--- What is needed ---
Set down the listing again, word for word.

- - -

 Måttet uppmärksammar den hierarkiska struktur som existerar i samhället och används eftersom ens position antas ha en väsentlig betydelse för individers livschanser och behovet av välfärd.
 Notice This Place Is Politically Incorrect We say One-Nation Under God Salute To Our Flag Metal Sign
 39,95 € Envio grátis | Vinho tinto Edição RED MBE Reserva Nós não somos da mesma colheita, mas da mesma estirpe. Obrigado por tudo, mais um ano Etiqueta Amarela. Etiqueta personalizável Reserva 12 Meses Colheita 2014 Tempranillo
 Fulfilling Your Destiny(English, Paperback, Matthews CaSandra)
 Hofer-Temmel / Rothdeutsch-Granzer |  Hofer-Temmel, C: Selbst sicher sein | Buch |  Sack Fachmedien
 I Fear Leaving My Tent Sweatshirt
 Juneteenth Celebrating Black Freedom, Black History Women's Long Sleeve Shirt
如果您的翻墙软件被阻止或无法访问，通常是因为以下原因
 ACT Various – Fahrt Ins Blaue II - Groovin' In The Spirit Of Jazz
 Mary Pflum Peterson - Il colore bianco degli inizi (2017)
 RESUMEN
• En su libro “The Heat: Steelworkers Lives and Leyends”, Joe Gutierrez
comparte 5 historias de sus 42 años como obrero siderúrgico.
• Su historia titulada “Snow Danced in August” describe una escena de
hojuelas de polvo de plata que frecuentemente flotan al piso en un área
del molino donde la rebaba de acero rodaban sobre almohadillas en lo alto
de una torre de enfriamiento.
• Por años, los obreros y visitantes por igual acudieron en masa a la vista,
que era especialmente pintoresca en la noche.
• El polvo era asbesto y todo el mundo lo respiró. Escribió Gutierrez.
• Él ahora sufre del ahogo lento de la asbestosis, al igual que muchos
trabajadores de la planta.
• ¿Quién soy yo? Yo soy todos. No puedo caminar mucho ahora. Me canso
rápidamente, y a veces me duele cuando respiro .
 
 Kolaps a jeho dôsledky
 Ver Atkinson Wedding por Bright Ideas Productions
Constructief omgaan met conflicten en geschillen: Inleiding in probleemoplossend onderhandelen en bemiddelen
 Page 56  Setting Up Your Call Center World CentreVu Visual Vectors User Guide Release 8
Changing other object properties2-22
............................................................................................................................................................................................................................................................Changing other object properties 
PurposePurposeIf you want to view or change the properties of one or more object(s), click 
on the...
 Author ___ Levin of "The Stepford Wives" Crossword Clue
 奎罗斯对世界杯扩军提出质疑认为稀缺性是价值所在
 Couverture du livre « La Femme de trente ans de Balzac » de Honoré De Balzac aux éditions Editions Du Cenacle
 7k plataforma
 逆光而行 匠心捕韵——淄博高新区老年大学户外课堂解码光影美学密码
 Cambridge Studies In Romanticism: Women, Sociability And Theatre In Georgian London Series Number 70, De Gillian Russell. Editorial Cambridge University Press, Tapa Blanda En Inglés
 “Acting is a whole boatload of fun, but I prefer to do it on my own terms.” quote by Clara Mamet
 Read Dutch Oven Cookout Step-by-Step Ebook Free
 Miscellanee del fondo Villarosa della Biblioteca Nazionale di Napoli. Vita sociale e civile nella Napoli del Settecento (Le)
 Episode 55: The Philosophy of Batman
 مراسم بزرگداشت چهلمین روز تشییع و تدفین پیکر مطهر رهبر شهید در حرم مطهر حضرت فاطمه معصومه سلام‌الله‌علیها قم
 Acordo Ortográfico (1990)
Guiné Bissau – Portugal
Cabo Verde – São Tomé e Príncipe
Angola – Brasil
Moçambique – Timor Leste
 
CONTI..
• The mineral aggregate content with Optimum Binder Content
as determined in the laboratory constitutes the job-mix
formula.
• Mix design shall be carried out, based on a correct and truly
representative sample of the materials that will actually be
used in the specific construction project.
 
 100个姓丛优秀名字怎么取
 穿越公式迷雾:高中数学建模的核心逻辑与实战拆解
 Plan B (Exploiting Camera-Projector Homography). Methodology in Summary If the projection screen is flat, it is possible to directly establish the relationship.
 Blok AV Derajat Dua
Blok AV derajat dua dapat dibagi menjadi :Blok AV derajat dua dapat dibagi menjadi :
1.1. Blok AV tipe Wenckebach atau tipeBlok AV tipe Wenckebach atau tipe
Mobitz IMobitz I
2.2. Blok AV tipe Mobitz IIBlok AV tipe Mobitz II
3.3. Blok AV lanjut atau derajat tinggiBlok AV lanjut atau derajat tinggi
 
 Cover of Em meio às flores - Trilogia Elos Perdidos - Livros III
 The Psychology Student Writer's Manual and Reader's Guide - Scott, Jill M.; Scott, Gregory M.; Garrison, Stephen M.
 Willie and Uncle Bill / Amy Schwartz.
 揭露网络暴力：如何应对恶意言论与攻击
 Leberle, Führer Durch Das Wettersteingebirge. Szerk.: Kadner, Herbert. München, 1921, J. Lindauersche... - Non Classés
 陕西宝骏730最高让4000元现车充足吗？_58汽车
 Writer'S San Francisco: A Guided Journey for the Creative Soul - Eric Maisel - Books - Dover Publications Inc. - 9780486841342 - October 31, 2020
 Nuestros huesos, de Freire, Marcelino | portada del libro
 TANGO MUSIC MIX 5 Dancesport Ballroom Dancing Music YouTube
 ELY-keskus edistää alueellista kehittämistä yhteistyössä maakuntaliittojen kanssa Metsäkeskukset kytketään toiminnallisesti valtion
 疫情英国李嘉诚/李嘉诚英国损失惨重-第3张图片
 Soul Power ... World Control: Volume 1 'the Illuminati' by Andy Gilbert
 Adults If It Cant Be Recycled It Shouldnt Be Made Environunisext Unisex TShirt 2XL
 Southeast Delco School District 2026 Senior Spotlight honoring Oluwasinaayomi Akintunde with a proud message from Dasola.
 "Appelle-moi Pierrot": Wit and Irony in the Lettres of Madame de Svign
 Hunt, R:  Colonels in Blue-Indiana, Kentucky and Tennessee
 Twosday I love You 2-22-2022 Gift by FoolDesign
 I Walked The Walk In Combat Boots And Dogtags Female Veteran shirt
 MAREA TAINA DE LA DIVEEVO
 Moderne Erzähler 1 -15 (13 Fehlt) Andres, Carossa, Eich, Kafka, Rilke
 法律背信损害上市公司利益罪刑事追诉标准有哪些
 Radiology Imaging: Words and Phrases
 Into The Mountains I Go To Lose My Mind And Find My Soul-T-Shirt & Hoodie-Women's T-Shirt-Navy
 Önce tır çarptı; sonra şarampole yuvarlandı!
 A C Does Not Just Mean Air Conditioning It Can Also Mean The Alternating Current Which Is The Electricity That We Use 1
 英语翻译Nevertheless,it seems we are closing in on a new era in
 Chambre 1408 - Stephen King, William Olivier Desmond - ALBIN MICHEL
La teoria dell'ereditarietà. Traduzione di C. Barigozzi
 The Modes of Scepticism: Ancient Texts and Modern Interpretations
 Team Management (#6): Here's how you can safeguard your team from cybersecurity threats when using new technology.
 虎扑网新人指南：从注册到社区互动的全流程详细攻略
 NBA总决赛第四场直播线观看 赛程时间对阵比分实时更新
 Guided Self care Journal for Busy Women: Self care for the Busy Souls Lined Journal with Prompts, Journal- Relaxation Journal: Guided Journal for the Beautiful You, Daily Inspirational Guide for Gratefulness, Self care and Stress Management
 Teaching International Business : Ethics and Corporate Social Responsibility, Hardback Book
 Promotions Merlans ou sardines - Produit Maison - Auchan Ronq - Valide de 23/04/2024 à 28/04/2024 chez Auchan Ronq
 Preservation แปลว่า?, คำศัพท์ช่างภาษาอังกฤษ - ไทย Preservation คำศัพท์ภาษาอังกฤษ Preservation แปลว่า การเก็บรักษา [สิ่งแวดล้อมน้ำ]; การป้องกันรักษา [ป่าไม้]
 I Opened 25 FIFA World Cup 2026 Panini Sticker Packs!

- - -

--- Written response ---
 Måttet uppmärksammar den hierarkiska struktur som existerar i samhället och används eftersom ens position antas ha en väsentlig betydelse för individers livschanser och behovet av välfärd.
 Notice This Place Is Politically Incorrect We say One-Nation Under God Salute To Our Flag Metal Sign
 39,95 € Envio grátis | Vinho tinto Edição RED MBE Reserva Nós não somos da mesma colheita, mas da mesma estirpe. Obrigado por tudo, mais um ano Etiqueta Amarela. Etiqueta personalizável Reserva 12 Meses Colheita 2014 Tempranillo
 Fulfilling Your Destiny(English, Paperback, Matthews CaSandra)
 Hofer-Temmel / Rothdeutsch-Granzer |  Hofer-Temmel, C: Selbst sicher sein | Buch |  Sack Fachmedien
 I Fear Leaving My Tent Sweatshirt
 Juneteenth Celebrating Black Freedom, Black History Women's Long Sleeve Shirt
如果您的翻墙软件被阻止或无法访问，通常是因为以下原因
 ACT Various – Fahrt Ins Blaue II - Groovin' In The Spirit Of Jazz
 Mary Pflum Peterson - Il colore bianco degli inizi (2017)
 RESUMEN
• En su libro “The Heat: Steelworkers Lives and Leyends”, Joe Gutierrez
comparte 5 historias de sus 42 años como obrero siderúrgico.
• Su historia titulada “Snow Danced in August” describe una escena de
hojuelas de polvo de plata que frecuentemente flotan al piso en un área
del molino donde la rebaba de acero rodaban sobre almohadillas en lo alto
de una torre de enfriamiento.
• Por años, los obreros y visitantes por igual acudieron en masa a la vista,
que era especialmente pintoresca en la noche.
• El polvo era asbesto y todo el mundo lo respiró. Escribió Gutierrez.
• Él ahora sufre del ahogo lento de la asbestosis, al igual que muchos
trabajadores de la planta.
• ¿Quién soy yo? Yo soy todos. No puedo caminar mucho ahora. Me canso
rápidamente, y a veces me duele cuando respiro .
 
 Kolaps a jeho dôsledky
 Ver Atkinson Wedding por Bright Ideas Productions
Constructief omgaan met conflicten en geschillen: Inleiding in probleemoplossend onderhandelen en bemiddelen
 Page 56  Setting Up Your Call Center World CentreVu Visual Vectors User Guide Release 8
Changing other object properties2-22
............................................................................................................................................................................................................................................................Changing other object properties 
PurposePurposeIf you want to view or change the properties of one or more object(s), click 
on the...
 Author ___ Levin of "The Stepford Wives" Crossword Clue
 奎罗斯对世界杯扩军提出质疑认为稀缺性是价值所在
 Couverture du livre « La Femme de trente ans de Balzac » de Honoré De Balzac aux éditions Editions Du Cenacle
 7k plataforma
 逆光而行 匠心捕韵——淄博高新区老年大学户外课堂解码光影美学密码
 Cambridge Studies In Romanticism: Women, Sociability And Theatre In Georgian London Series Number 70, De Gillian Russell. Editorial Cambridge University Press, Tapa Blanda En Inglés
 “Acting is a whole boatload of fun, but I prefer to do it on my own terms.” quote by Clara Mamet
 Read Dutch Oven Cookout Step-by-Step Ebook Free
 Miscellanee del fondo Villarosa della Biblioteca Nazionale di Napoli. Vita sociale e civile nella Napoli del Settecento (Le)
 Episode 55: The Philosophy of Batman
 مراسم بزرگداشت چهلمین روز تشییع و تدفین پیکر مطهر رهبر شهید در حرم مطهر حضرت فاطمه معصومه سلام‌الله‌علیها قم
 Acordo Ortográfico (1990)
Guiné Bissau – Portugal
Cabo Verde – São Tomé e Príncipe
Angola – Brasil
Moçambique – Timor Leste
 
CONTI..
• The mineral aggregate content with Optimum Binder Content
as determined in the laboratory constitutes the job-mix
formula.
• Mix design shall be carried out, based on a correct and truly
representative sample of the materials that will actually be
used in the specific construction project.
 
 100个姓丛优秀名字怎么取
 穿越公式迷雾:高中数学建模的核心逻辑与实战拆解
 Plan B (Exploiting Camera-Projector Homography). Methodology in Summary If the projection screen is flat, it is possible to directly establish the relationship.
 Blok AV Derajat Dua
Blok AV derajat dua dapat dibagi menjadi :Blok AV derajat dua dapat dibagi menjadi :
1.1. Blok AV tipe Wenckebach atau tipeBlok AV tipe Wenckebach atau tipe
Mobitz IMobitz I
2.2. Blok AV tipe Mobitz IIBlok AV tipe Mobitz II
3.3. Blok AV lanjut atau derajat tinggiBlok AV lanjut atau derajat tinggi
 
 Cover of Em meio às flores - Trilogia Elos Perdidos - Livros III
 The Psychology Student Writer's Manual and Reader's Guide - Scott, Jill M.; Scott, Gregory M.; Garrison, Stephen M.
 Willie and Uncle Bill / Amy Schwartz.
 揭露网络暴力：如何应对恶意言论与攻击
 Leberle, Führer Durch Das Wettersteingebirge. Szerk.: Kadner, Herbert. München, 1921, J. Lindauersche... - Non Classés
 陕西宝骏730最高让4000元现车充足吗？_58汽车
 Writer'S San Francisco: A Guided Journey for the Creative Soul - Eric Maisel - Books - Dover Publications Inc. - 9780486841342 - October 31, 2020
 Nuestros huesos, de Freire, Marcelino | portada del libro
 TANGO MUSIC MIX 5 Dancesport Ballroom Dancing Music YouTube
 ELY-keskus edistää alueellista kehittämistä yhteistyössä maakuntaliittojen kanssa Metsäkeskukset kytketään toiminnallisesti valtion
 疫情英国李嘉诚/李嘉诚英国损失惨重-第3张图片
 Soul Power ... World Control: Volume 1 'the Illuminati' by Andy Gilbert
 Adults If It Cant Be Recycled It Shouldnt Be Made Environunisext Unisex TShirt 2XL
 Southeast Delco School District 2026 Senior Spotlight honoring Oluwasinaayomi Akintunde with a proud message from Dasola.
 "Appelle-moi Pierrot": Wit and Irony in the Lettres of Madame de Svign
 Hunt, R:  Colonels in Blue-Indiana, Kentucky and Tennessee
 Twosday I love You 2-22-2022 Gift by FoolDesign
 I Walked The Walk In Combat Boots And Dogtags Female Veteran shirt
 MAREA TAINA DE LA DIVEEVO
 Moderne Erzähler 1 -15 (13 Fehlt) Andres, Carossa, Eich, Kafka, Rilke
 法律背信损害上市公司利益罪刑事追诉标准有哪些
 Radiology Imaging: Words and Phrases
 Into The Mountains I Go To Lose My Mind And Find My Soul-T-Shirt & Hoodie-Women's T-Shirt-Navy
 Önce tır çarptı; sonra şarampole yuvarlandı!
 A C Does Not Just Mean Air Conditioning It Can Also Mean The Alternating Current Which Is The Electricity That We Use 1
 英语翻译Nevertheless,it seems we are closing in on a new era in
 Chambre 1408 - Stephen King, William Olivier Desmond - ALBIN MICHEL
La teoria dell'ereditarietà. Traduzione di C. Barigozzi
 The Modes of Scepticism: Ancient Texts and Modern Interpretations
 Team Management (#6): Here's how you can safeguard your team from cybersecurity threats when using new technology.
 虎扑网新人指南：从注册到社区互动的全流程详细攻略
 NBA总决赛第四场直播线观看 赛程时间对阵比分实时更新
 Guided Self care Journal for Busy Women: Self care for the Busy Souls Lined Journal with Prompts, Journal- Relaxation Journal: Guided Journal for the Beautiful You, Daily Inspirational Guide for Gratefulness, Self care and Stress Management
 Teaching International Business : Ethics and Corporate Social Responsibility, Hardback Book
 Promotions Merlans ou sardines - Produit Maison - Auchan Ronq - Valide de 23/04/2024 à 28/04/2024 chez Auchan Ronq
 Preservation แปลว่า?, คำศัพท์ช่างภาษาอังกฤษ - ไทย Preservation คำศัพท์ภาษาอังกฤษ Preservation แปลว่า การเก็บรักษา [สิ่งแวดล้อมน้ำ]; การป้องกันรักษา [ป่าไม้]
 I Opened 25 FIFA World Cup 2026 Panini Sticker Packs!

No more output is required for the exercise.